If it is desirable to reduce the short channel effect in the illustrated FET, then a pocket or halo region 60 having a dopant of the conductivity type opposite to that of the lightly doped portion 52 of the source/drain region can be provided. Typically, the CMP or etch back process used to form the gate electrode 56 will cause the upper surface of the gate electrode to be lower than a portion of the adjacent spacer structures 48 so that the surface of the spacers 48 will be exposed. The spacers 48 are removed from between the remaining portions of the first layer of polysilicon 35 and the gate electrode 56 by a wet etching process. An implantation 58 is then provided through the openings left upon removal of the spacers to form the halo regions 60. The halo implantation can be activated through a rapid thermal process performed at this time, or the implant can be activated as part of another, subsequent thermal processing step. Further processing, including deposition of an insulator to refill the spacer openings, is performed in the usual manner.

This overview of particularly preferred embodiments of the present invention has illustrated certain advantageous aspects of the present invention. A more detailed discussion of these embodiments and related embodiments is now presented with particular reference to FIGS. 2-6. While the following discussion emphasizes an NMOS FET, a PMOS device could be formed in essentially the same manner by reversing the conductivity type of the various doped regions in the device.

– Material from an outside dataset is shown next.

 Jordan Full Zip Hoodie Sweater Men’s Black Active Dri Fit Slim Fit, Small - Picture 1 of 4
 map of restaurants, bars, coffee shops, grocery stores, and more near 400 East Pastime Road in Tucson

Referring first to FIG. 2, formation of the narrow gate FET begins on a silicon substrate 30 by forming field isolation regions 32 on the surface of the substrate. The field isolation structures may be conventional LOCOS oxide structures, or may be shallow trench isolation structures. The shallow trench isolation structures may be formed by first providing a pad oxide layer over the surface of the substrate and then providing a silicon nitride masking layer over the pad oxide. A photoresist mask is formed by conventional photolithography and then the nitride and oxide layers are etched to expose the surface of the substrate over the regions where the device isolation structures are to be formed. The photoresist mask is removed to leave the silicon nitride layer as a hard mask. Trenches are etched into the substrate using reactive ion etching (RIE) with HCl and HBr as source gases. The trenches are filled,with oxide by first thermally oxidizing the inner surface of the trench and then the rest of the trench is filled by plasma enhanced chemical vapor deposition (PECVD) from a TEOS source gas. The device isolation mask is then removed, leaving the device isolation regions 32 on the surface of the substrate 30.

A layer 34 of polysilicon is blanket deposited over the device, covering the isolation structures 32 and preferably in contact with the surface of the substrate within the active regions. The polysilicon layer 34 may be deposited to a thickness of between 2000-4000 Å using typical low pressure chemical vapor deposition (LPCVD) polysilicon deposition conditions. The polysilicon layer 34 is doped by implantation of phosphorus ions at an energy of 20-50 KeV or arsenic ions at an energy of 30-80 KeV, with either dopant implanted to a dosage of 11015 -21016 /cm2. Most preferably, the implantation energy is sufficiently low that the implanted ions remain within the polysilicon layer 34 and do not reach the surface of the substrate. Implantation of the first layer of polysilicon 34 is preferred because implantation allows more precise control of the dopants and allows dopants to be kept away from what will be the channel of the FET. The quantity of dopant provided to the polysilicon layer 34 is such that subsequent annealing of the polysilicon layer 34 will cause sufficient impurities to diffuse from the polysilicon layer 34 into the substrate 30 to form the more heavily doped portions of the source/drain regions for the narrow gate FET. Preferably, in the finished structure, the source/drain regions will lie partially in the polysilicon layer 34 and partially within the substrate 30. Because the portions of the source/drain regions within the substrate are formed by diffusion, they will typically be shallower than source/drain regions formed within the substrate solely by ion implantation, like those illustrated in FIG. 1. Preferably, the activating anneal for the impurities implanted into the first layer of polysilicon is made at a later processing stage.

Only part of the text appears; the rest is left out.